_Your objective_
Output the line containing "Zdjęcie przedstawia dziewczynki" and each line after it through the end of the data, exactly as written, with pictures left out.

_Input_

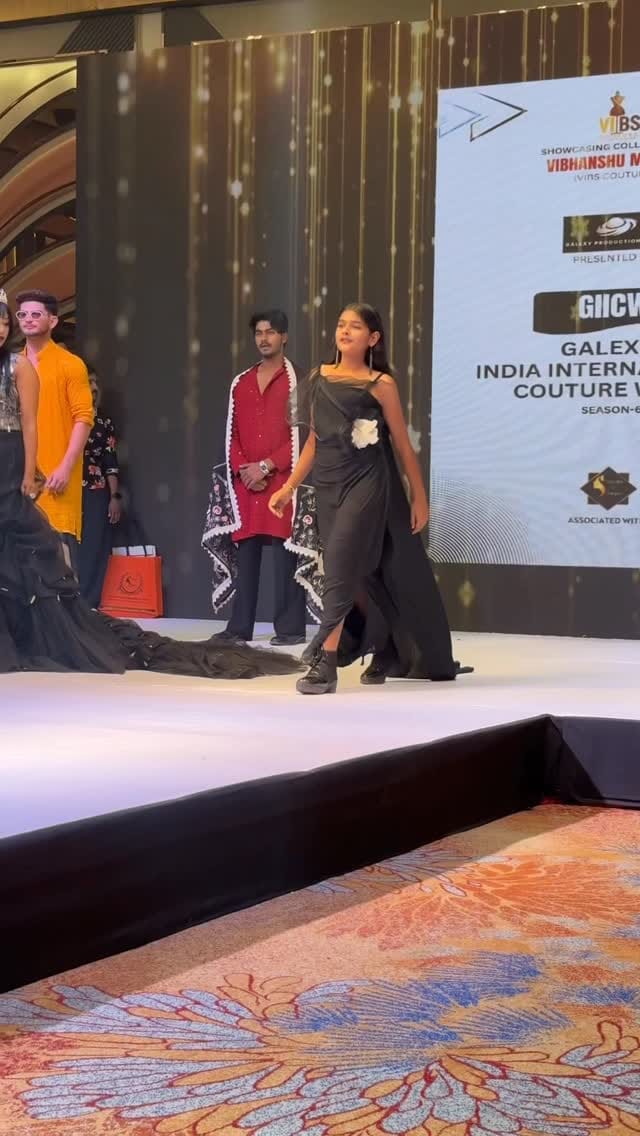 Post 9 by pari thakur on Instagram (video)
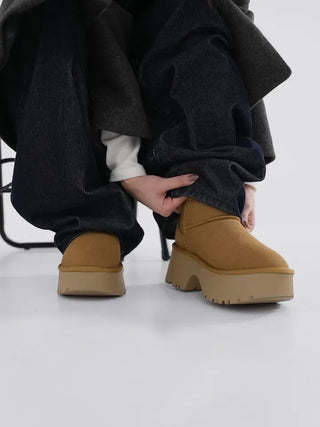 Cony Platform Short UGG Boots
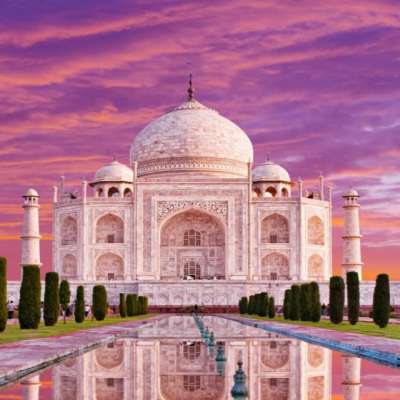 1. The Taj Mahal was created by Emperor Shah Jahan for his favorite wife Mumtaz Mahal..
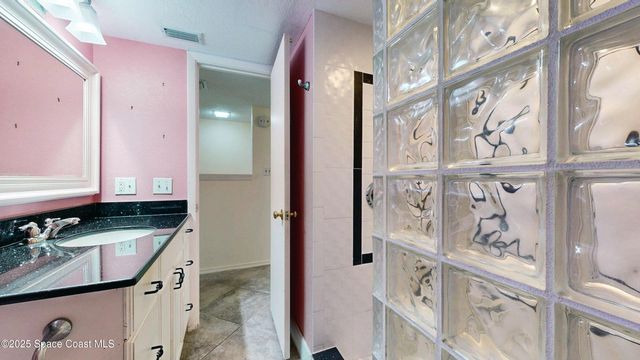 800 S Brevard Avenue 222, Cocoa Beach, FL 32931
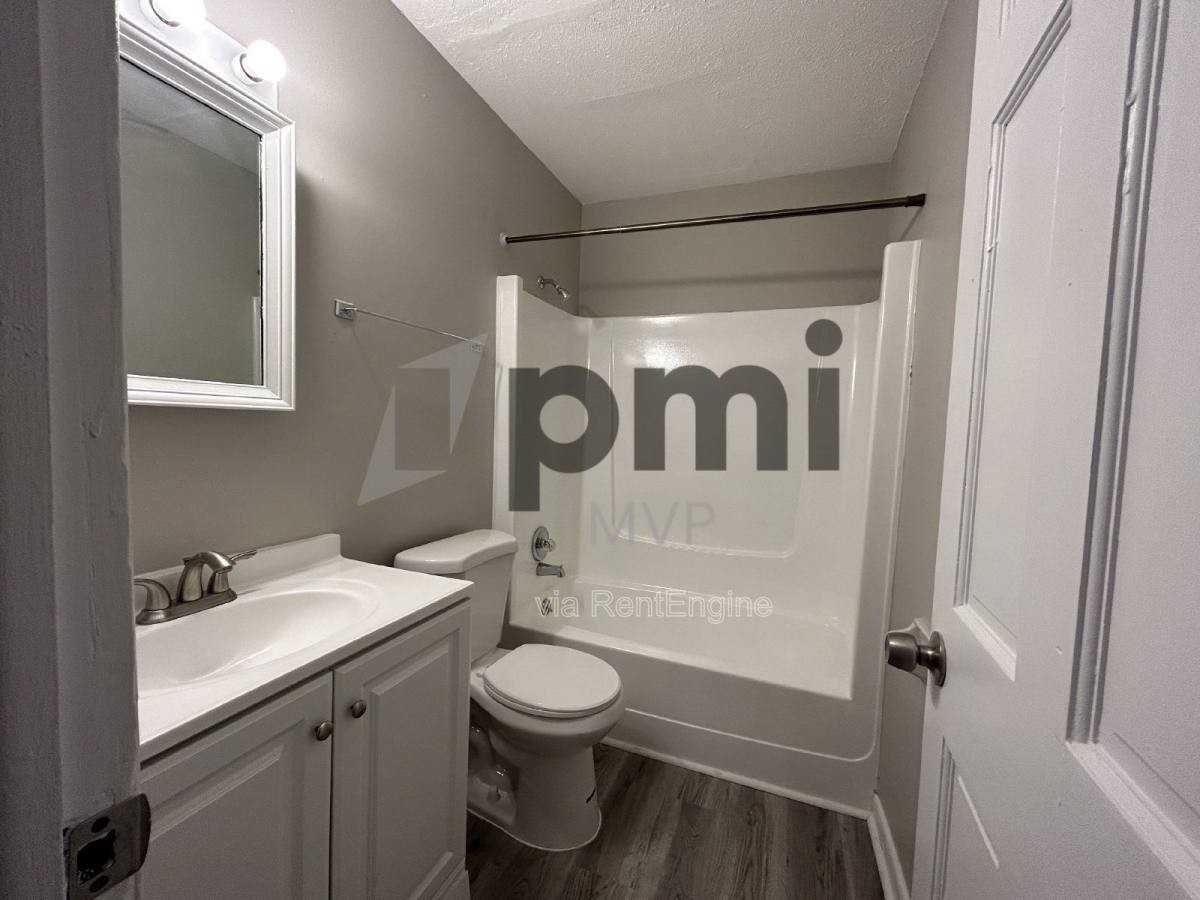 834 Whitethorne Ave #D - Photo 5 of 10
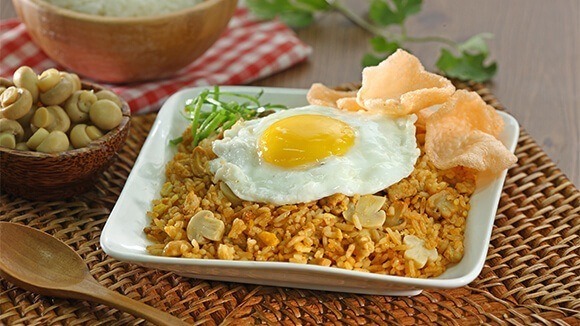 Nasi goreng jamur yang gurih dengan irisan jamur segar dan nasi berbumbu, siap disajikan hangat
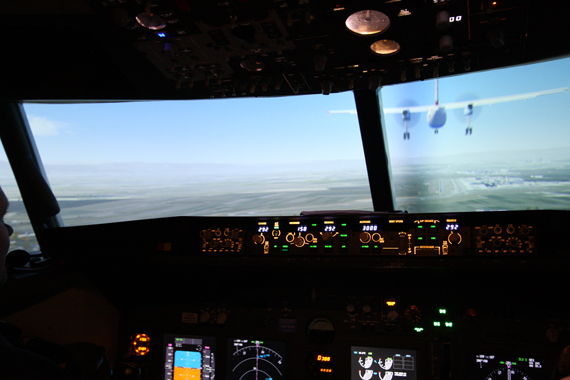 Schön zu wissen, dass man nur im Simulator sitzt.... Unsere Boeing 737NG überholt eine Dash 8-400 im Final Approach!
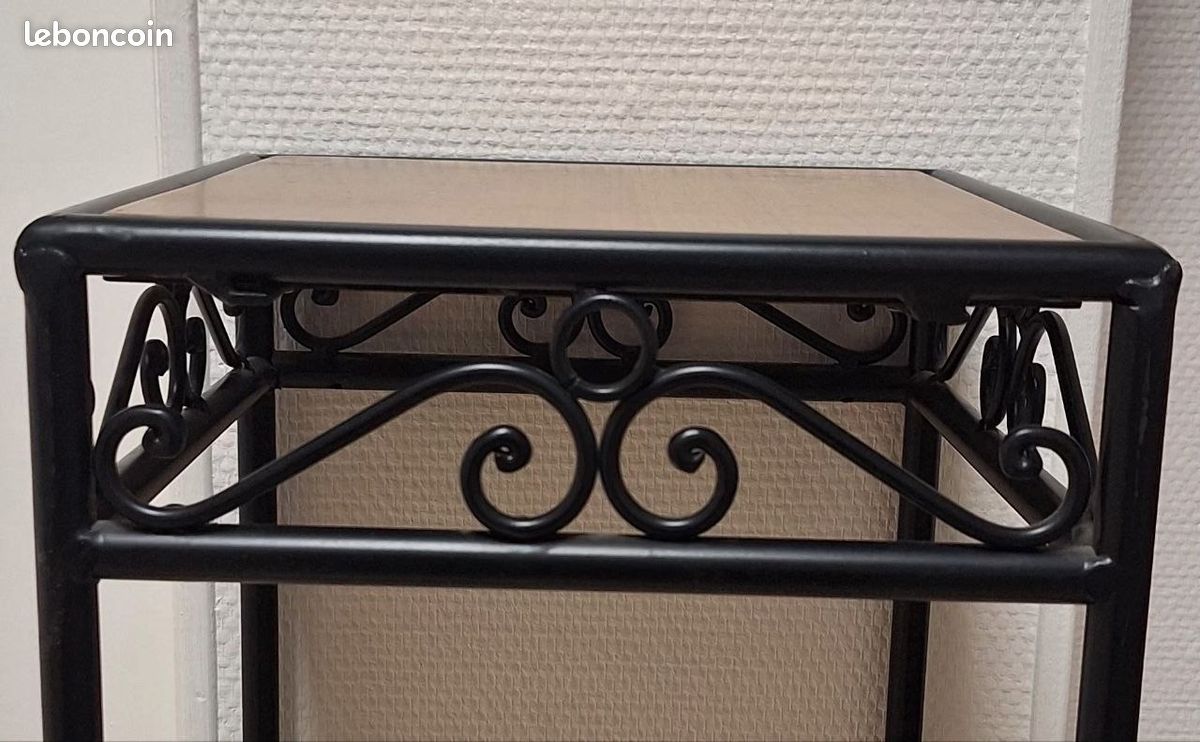 Etagère métallique (image 3)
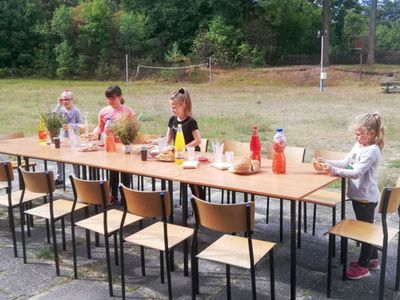 Zdjęcie przedstawia dziewczynki z PWD w Sulechowie przygotowujące nakrycie stołu.
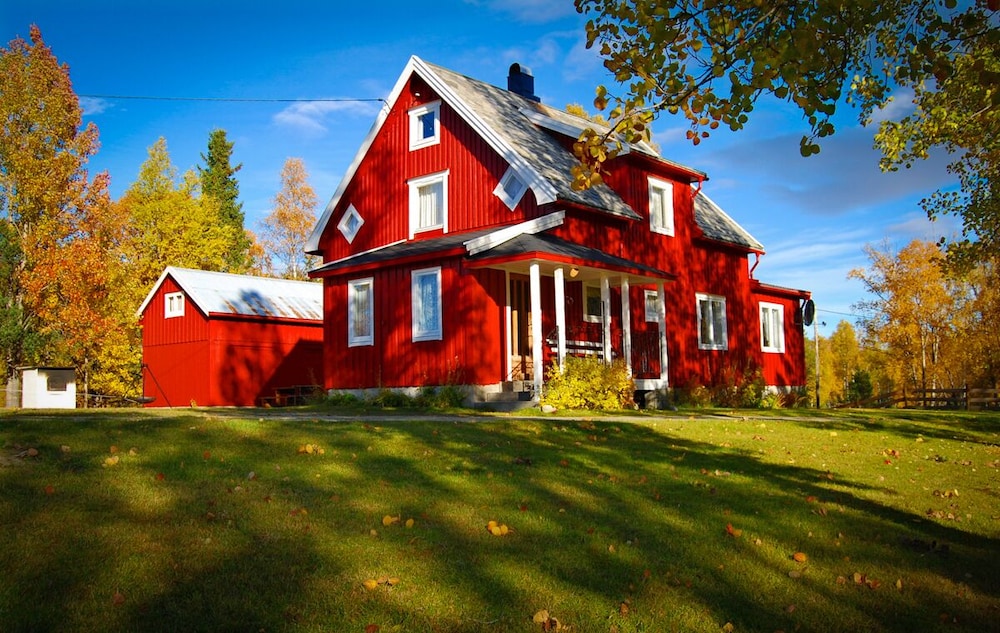 Furuheim Gard - carbon neutral hotel in Hattfjelldal
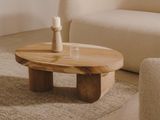 une table en bois sur laquelle est posée une bougie, dans un salon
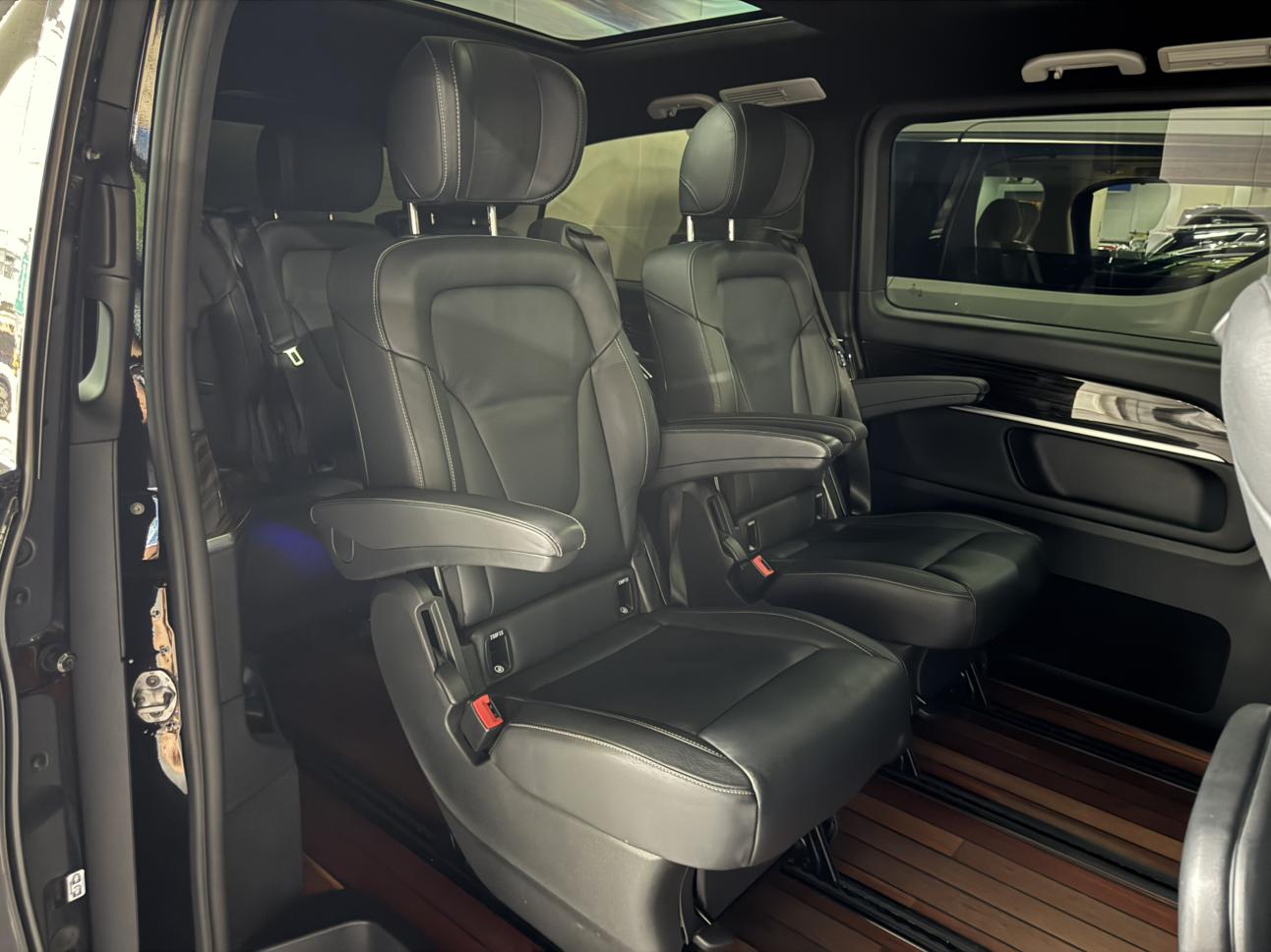 Mercedes-Benz V-Класс 2018 thumb 8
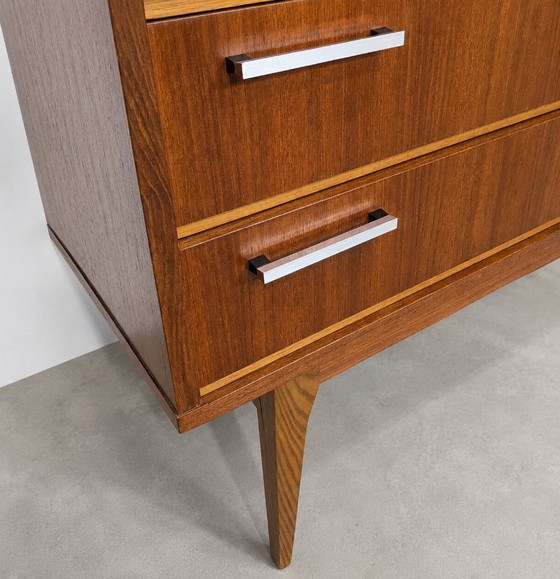 Image 1 of Commode van teakhout in Mid-Century Modern stijl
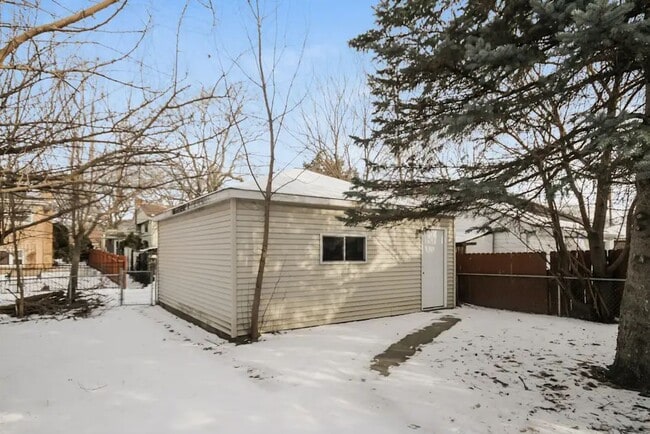 Building Photo - 5340 Lee St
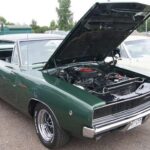 El Charger R/T representa el lado más imponente del muscle car. Equipado con el legendario V8 440 Magnum, combinaba un diseño agresivo con un rendimiento demoledor. Su silueta fastback y su presencia escénica explican por qué vuelve a ser tan buscado hoy.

_Solved exercise_
 Zdjęcie przedstawia dziewczynki z PWD w Sulechowie przygotowujące nakrycie stołu.
 Furuheim Gard - carbon neutral hotel in Hattfjelldal
 une table en bois sur laquelle est posée une bougie, dans un salon
 Mercedes-Benz V-Класс 2018 thumb 8
 Image 1 of Commode van teakhout in Mid-Century Modern stijl
 Building Photo - 5340 Lee St
 El Charger R/T representa el lado más imponente del muscle car. Equipado con el legendario V8 440 Magnum, combinaba un diseño agresivo con un rendimiento demoledor. Su silueta fastback y su presencia escénica explican por qué vuelve a ser tan buscado hoy.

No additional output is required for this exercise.